Once I read (cough) the manual and found out what the flower meant, my pix turned out alot better. A tripod really makes things easier as well. Now it's just up to me to get the lighting right. :freak: rr


----------



## LeeRoy98 (Jul 8, 2005)

I have a Canon Powershot A80, 4 megapixel with macro focus that is about to become an extra camera. If you are serious about trading for the controller, I will confirm with the track manager that the camera is expendable.
But... I would look at the manual for your wife's Casio first and see if there is a macro focus mode that will meet your needs.

Gary
AKA LeeRoy98
www.marioncountyraceway.com


----------



## Dunk21 (Mar 23, 2007)

i took this on a kodak 3.2 mega pixel camera never had a problem with the camera just gotta mess with the close up settings


----------



## wheelszk (Jul 8, 2006)

amsra said:


> Think about getting an "internet lighting studio" to help with the lighting take your shots. It costs $100--includes two lights a mini tripod and a light tent to diffuse the light. This with the Nikon camera will get you in under $200 and will get you great shots right away.
> 
> Do you know where to buy replacement light bulbs? The one review said you can't find them. Thats the only thing stopping me from buying this item.


----------



## valongi (Dec 23, 2007)

The key to a good micro shot is lighting and a tripod. You could even pick up one of the mini-tripods as someone mentioned earlier pretty cheaply, and they're great because they rotate around as well. Very versatile in a number of situations, especially if you're taking shots of cars on the track - you can place the tripod right on the table and position the camera easily.

Someone mentioned the clamp-on lights from Walmart. You could pick them up (for around 6$ I think) from Lowe's or Home Depot. They're great to clip onto a 2x4, a ladder, anything; I have them all over my basement as a good lighting source.

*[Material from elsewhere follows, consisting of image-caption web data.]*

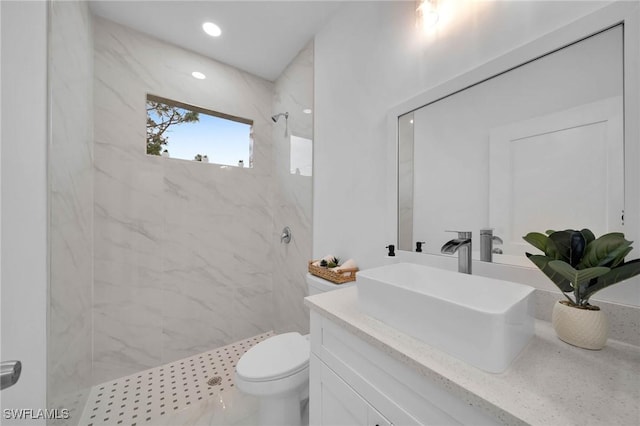 bathroom with toilet, a tile shower, and vanity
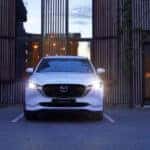 White 2022 Mazda CX-5 backed into a parking spot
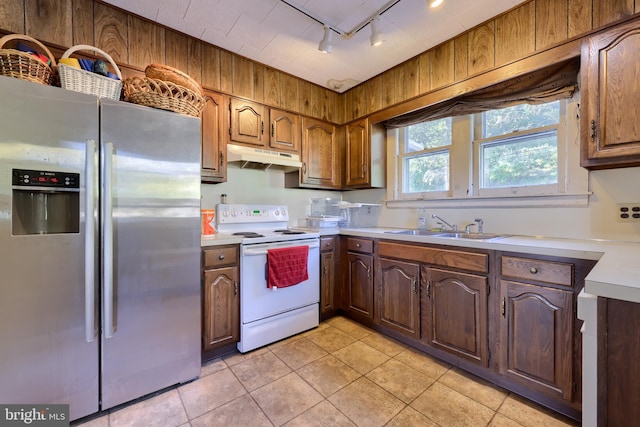 kitchen with electric range, light tile patterned floors, rail lighting, stainless steel refrigerator with ice dispenser, and sink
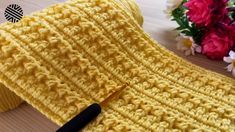 a yellow knitted cloth with a black crochet hook and flowers in the background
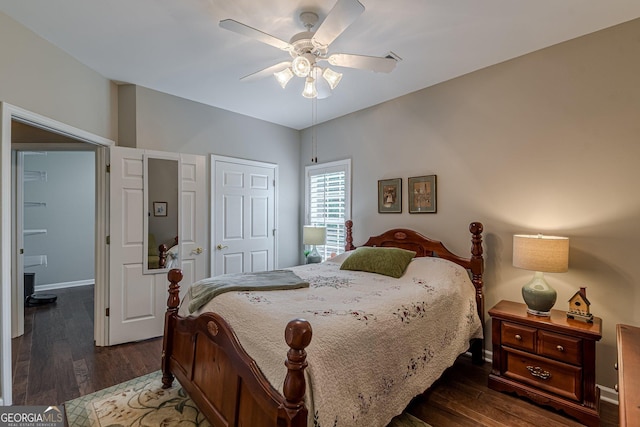 bedroom with baseboards, dark wood finished floors, and a ceiling fan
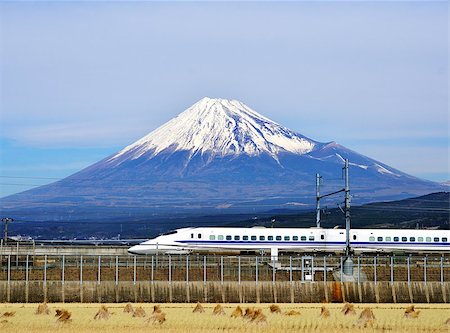 A bullet train passes below Mt. Fuji in Japan. Fotografie stock - Microstock e Abbonamento, Codice: 400-06856518
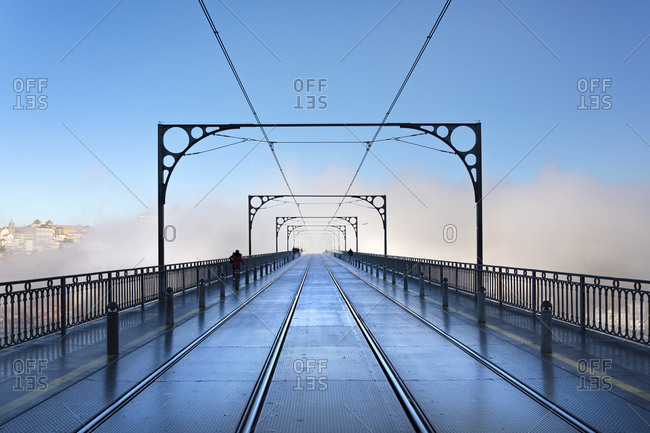 Tram tracks in the early morning mist running over Dom Luis I Bridge in Porto, Portugal, Europe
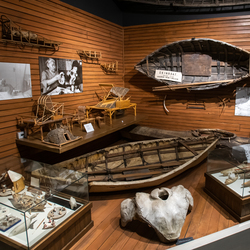 Wooden boat hanging on a wall. 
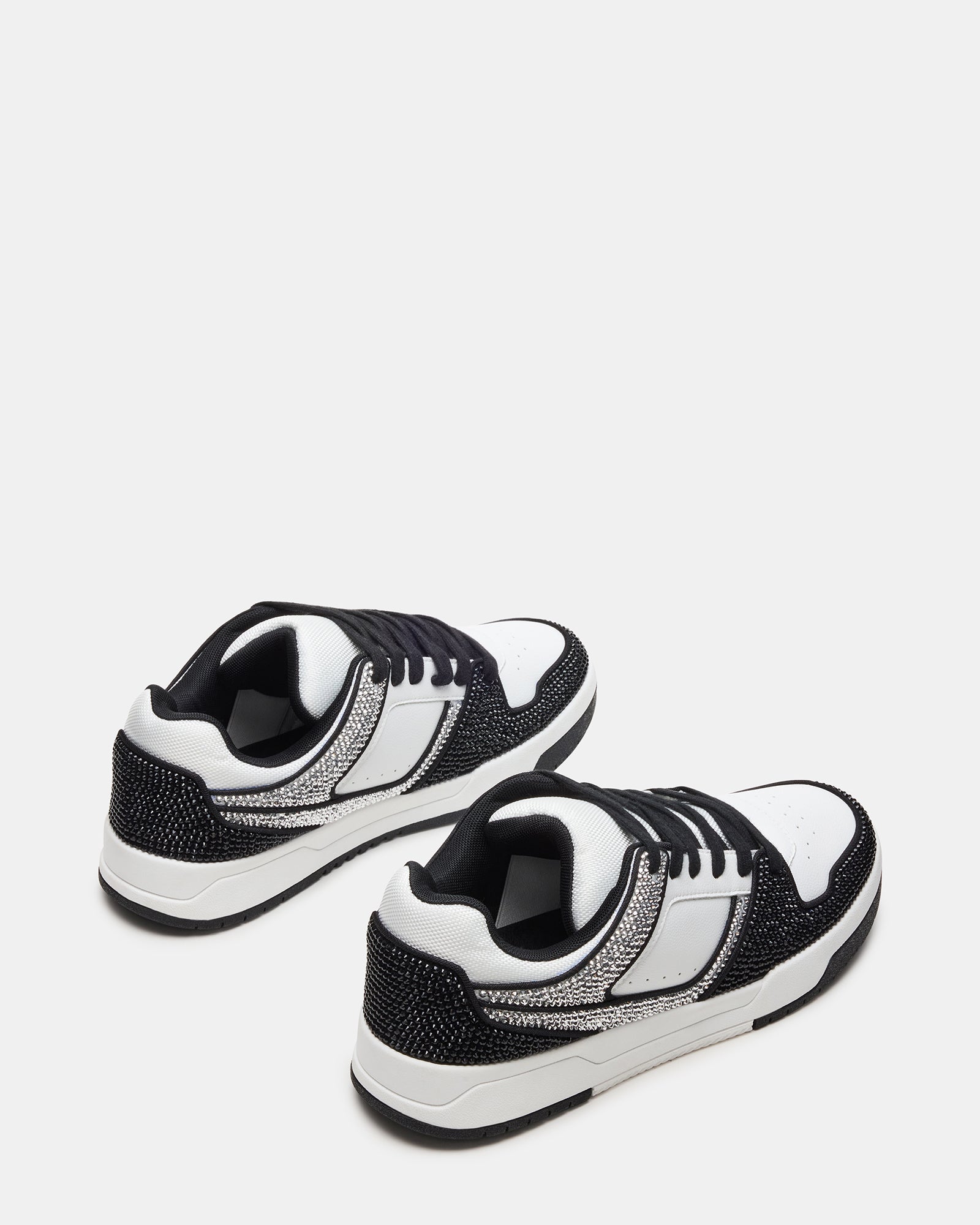 White sneakers styled with jeans for a casual, everyday look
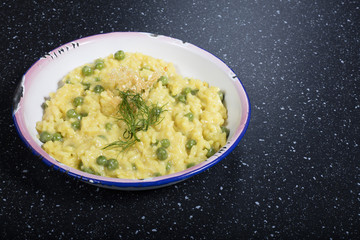 risotto with beans and saffron on white plate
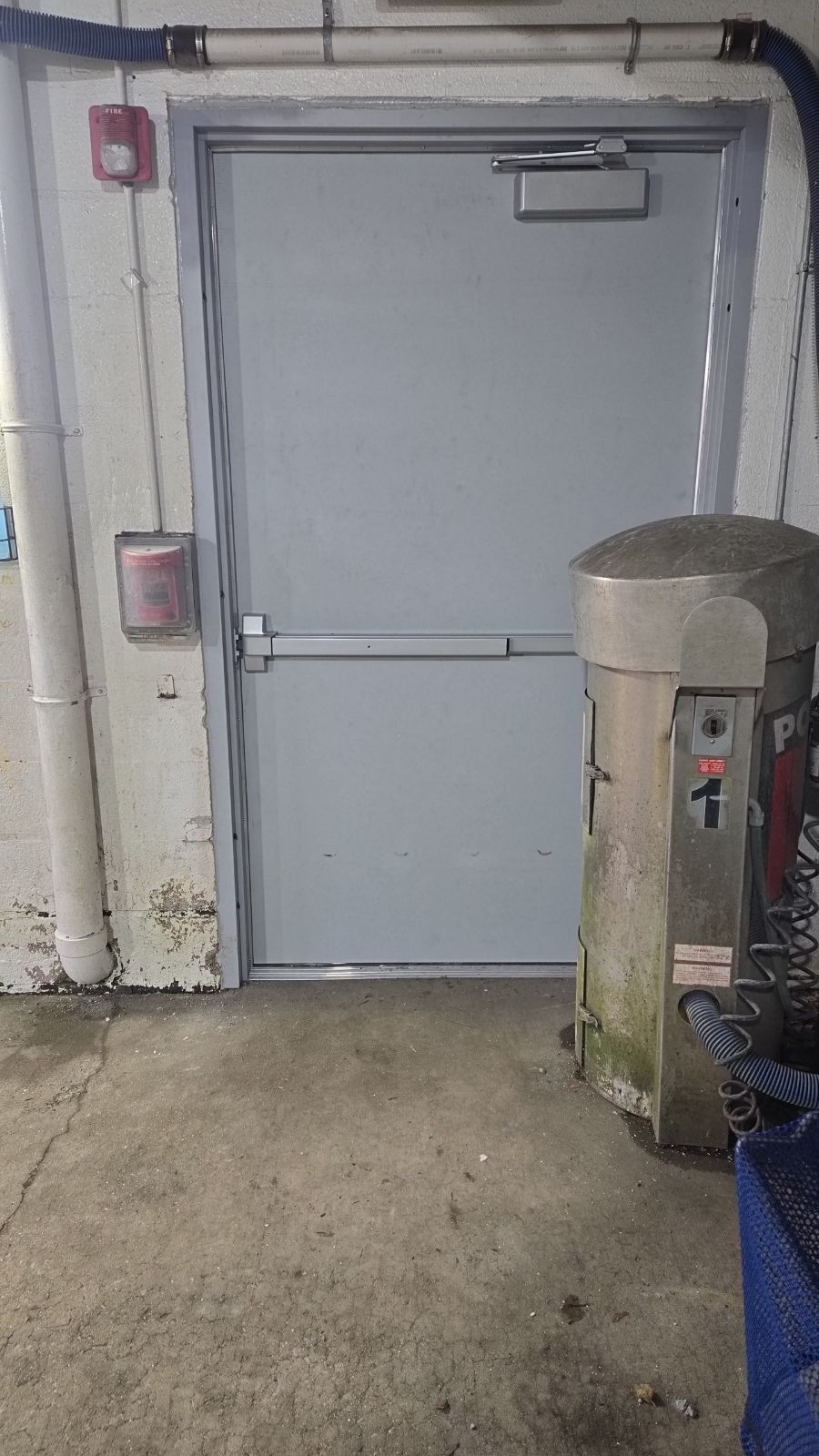 A room with a door and a trash can in it.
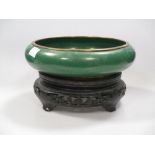 A Chinese cloisonne green enamel bowl on stand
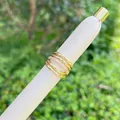Makro-Detail von geschichteten 18K vergoldeten Mesh-Ringen mit funkelnden Zirkonia-Steinen - Filigranes Mehrring Pave Modell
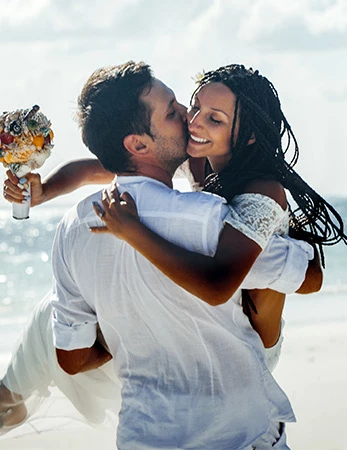 A couple at the beach, the groom lifts the bride in a kiss, she holds a bouquet, ocean waves sparkle in the background.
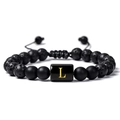 Détail macro du bracelet en pierre de lave avec perle dorée gravée de la lettre L - Lettre L(L)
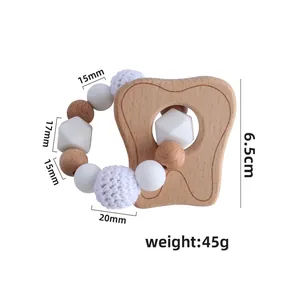 DIY Beißring aus Buchenholz und Silikon mit Perlen und Holzspielzeug in Avocado-Form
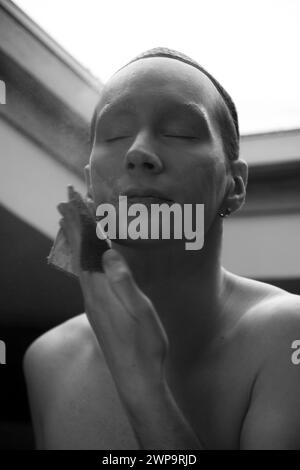 Un uomo che mette il trucco sul viso, gli occhi chiusi, la fotografia in bianco e nero, molta polvere Foto Stock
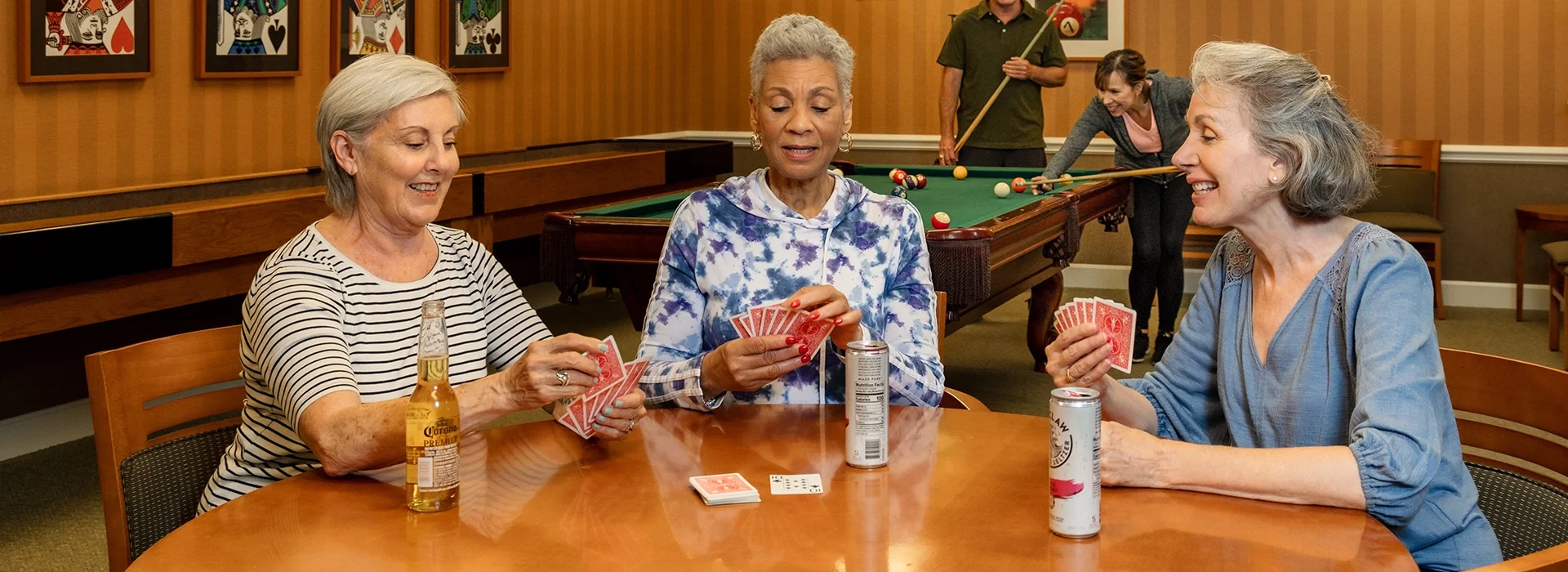 Community First Solutions senior living residents playing cards and enjoying drinks in the Billiards Room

This one from Lowe's is $10, for an 8 1/2" light, but you could pick up smaller ones also.


----------



## tomhocars (Oct 19, 2005)

I learned more about taking pictures today then when I used o sit on my Grandpa Bob Beers Beer's knee.He learned from his Grandpa Henry Harnish.
Thanks,
Little Tommy


----------



## SwamperGene (Dec 1, 2003)

One more tip: Autofocus works best when there are clearly defined vertical or horizontal lines. If you've got good lighting, a tripod, and you're still not getting the clear shots you're hoping for, hold a contrasting-colored straight object (a white index card with dark lines is great for this) at your desired point of focus then set your focus and take picture. This actually brings up a second tip I don't think I saw mentioned...if equipped use the timer for close-ups. Focus, click, let go.

Let's not forget the importance of a decent image handling application, too. One tip for image editing...for awesome 'net quality pics, take 'em big then shrink 'em down to a useable size. And always save as a different file, that way you always have the originals if needed.


----------



## [email protected] (Jan 25, 2007)

valongi said:


> The key to a good micro shot is lighting and a tripod.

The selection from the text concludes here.